New dairy farmers’ accord misses key lesson

Forest & Bird cautiously welcomes Dairy NZ’s announcement of a draft new Sustainable Dairying: Water Accord today, for its commitment to engaging all dairy farmers to adopt best practice standards to improve water quality standards.

The new accord will replace the 2003 Clean Streams Accord that expired last year, and applies to all dairy companies not just Fonterra as under the previous agreement.

“The key thing that 10 years of the Clean Streams Accord has shown is that if providing encouragement and assistance fails, it is important that the poor performers are penalised for not meeting their requirements,” says Forest & Bird Advocacy Manager Kevin Hackwell.

“The latest report from the Clean Streams Accord showed 11 per cent of all dairy farmers are still seriously breaching their effluent discharge rules and consent conditions. Fonterra has learnt that having penalties for non-compliance encourages those who consistently fail to meet targets to lift their game.

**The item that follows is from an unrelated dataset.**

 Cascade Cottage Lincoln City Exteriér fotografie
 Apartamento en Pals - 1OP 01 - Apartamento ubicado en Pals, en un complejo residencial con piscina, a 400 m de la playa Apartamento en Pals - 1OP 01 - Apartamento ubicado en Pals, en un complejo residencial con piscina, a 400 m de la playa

“This lesson that Fonterra has learnt needs to be applied to the other dairy companies and their farmer suppliers.”

“The new Sustainable Dairying: Water Accord will cover almost every dairy farmer in the country. That should be better for the environment as we’ll see more efforts everywhere to reduce nutrient run-off and exclude dairy cattle from waterways and drains.

“It is good that the new accord has expectations to reduce water use for dairy shed wash down and milk cooling. However, it is disappointing that the accord does not set itself any targets for achieving those reductions,” Kevin Hackwell says.

“Given the recommendations of the Land and Water Forum and the requirements of the National Policy Statement on Fresh Water, there is a real risk that many of the new accord’s expectations and requirements will be lower than regional council rules that will ensure water quality is maintained or improved.”

The new accord has been released for farmer and other stakeholders’ feedback before being finalised in the next few months.

With the majority of New Zealand’s lowland freshwater unsafe for swimming, Forest & Bird hopes that the final accord will be a tighter and more comprehensive commitment that will make a real difference to water quality.